Graph Convolutional Matrix Completion (GC-MC)

Updated 13 February 2026

Graph Convolutional Matrix Completion is a method that recasts collaborative filtering as a link prediction task on bipartite graphs, enabling efficient handling of sparse data.
It employs a graph convolutional encoder with edge-wise message passing and dense transformations to integrate user-item features and side information.
Empirical evaluations on benchmarks like MovieLens demonstrate GC-MC's state-of-the-art RMSE performance and robustness, especially in cold-start scenarios.

Graph Convolutional Matrix Completion (GC-MC) is a framework for matrix completion, formulated as a link prediction problem on bipartite graphs, particularly suited for collaborative filtering tasks in recommender systems. It models user-item interactions using a graph auto-encoder architecture that leverages differentiable message passing over a bipartite user-item graph, enabling seamless incorporation of side information and state-of-the-art prediction accuracy on benchmark datasets (Berg et al., 2017).

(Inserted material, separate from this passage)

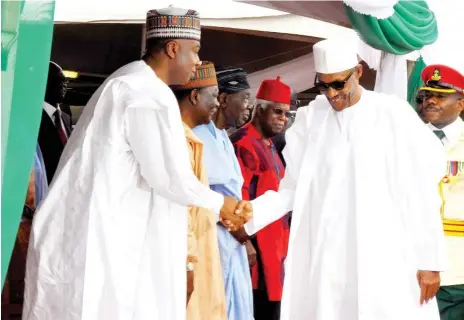  ?? PHOTO: ?? President Muhammadu Buhari (right) with Senate President Bukola Saraki, during the 55th Independen­t Anniversar­y celebratio­ns at the Presidenti­al Villa Abuja yesterday. Felix Onigbinde.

1. Problem Formulation: Matrix Completion as Graph Link Prediction

GC-MC addresses the matrix completion problem typically encountered in recommender systems, where the observed data is a sparse rating matrix $M \in \mathbb{R}^{N_u \times N_v}$ with $N_u$ users and $N_v$ items. Each entry $M_{ij}$ encodes an observed rating $r\in\{1,\dots,R\}$ or is missing (represented by $0$). The key innovation is to recast this as a link prediction task on an undirected bipartite graph $G = (\mathcal{W}, \mathcal{E}, \mathcal{R})$ , with node set $\mathcal{W} = \mathcal{U} \cup \mathcal{V}$ (users and items) and labeled edges $(u_i, r, v_j) \in \mathcal{E}$ corresponding to observed ratings.

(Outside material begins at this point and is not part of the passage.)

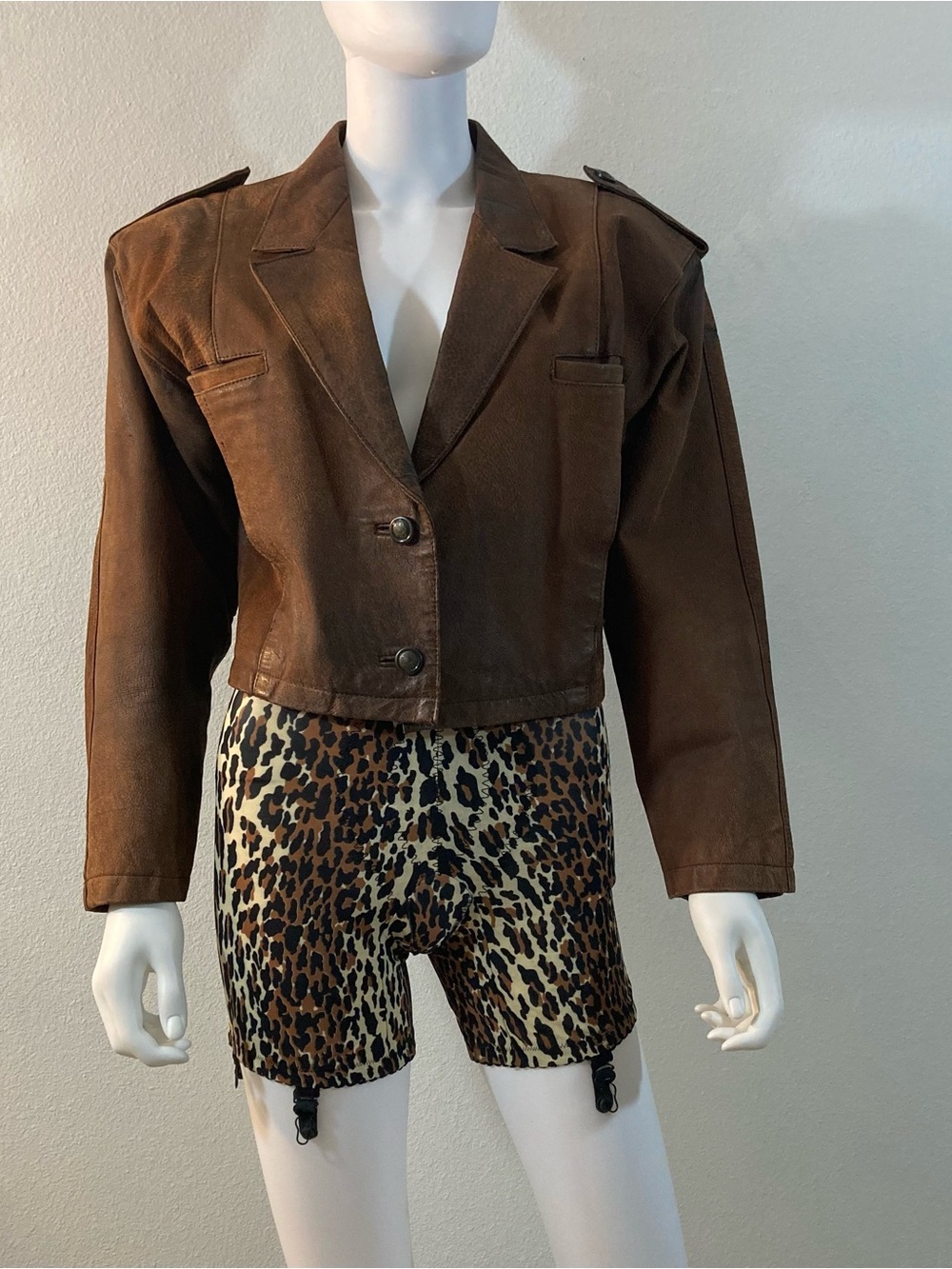 Vintage 1990’s Cropped Brown Leather Jacket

For each rating level $r$ , an adjacency matrix $M_r \in \{0,1\}^{N_u\times N_v}$ is constructed where $(M_r)_{ij}=1$ if $M_{ij}=r$ . These may be assembled into a block adjacency tensor $\mathcal{M}_r = \begin{bmatrix} 0 & M_r \ M_r^T & 0 \end{bmatrix}$ of size $(N_u+N_v)\times(N_u+N_v)$ . Nodes are initialized with feature vectors $x_i\in\mathbb{R}^D$ ; in the absence of features, a unique one-hot identity is used ( $X = I_{N_u+N_v}$ ), while available user/item features are incorporated directly as rows of $X\in\mathbb{R}^{(N_u+N_v)\times D}$ .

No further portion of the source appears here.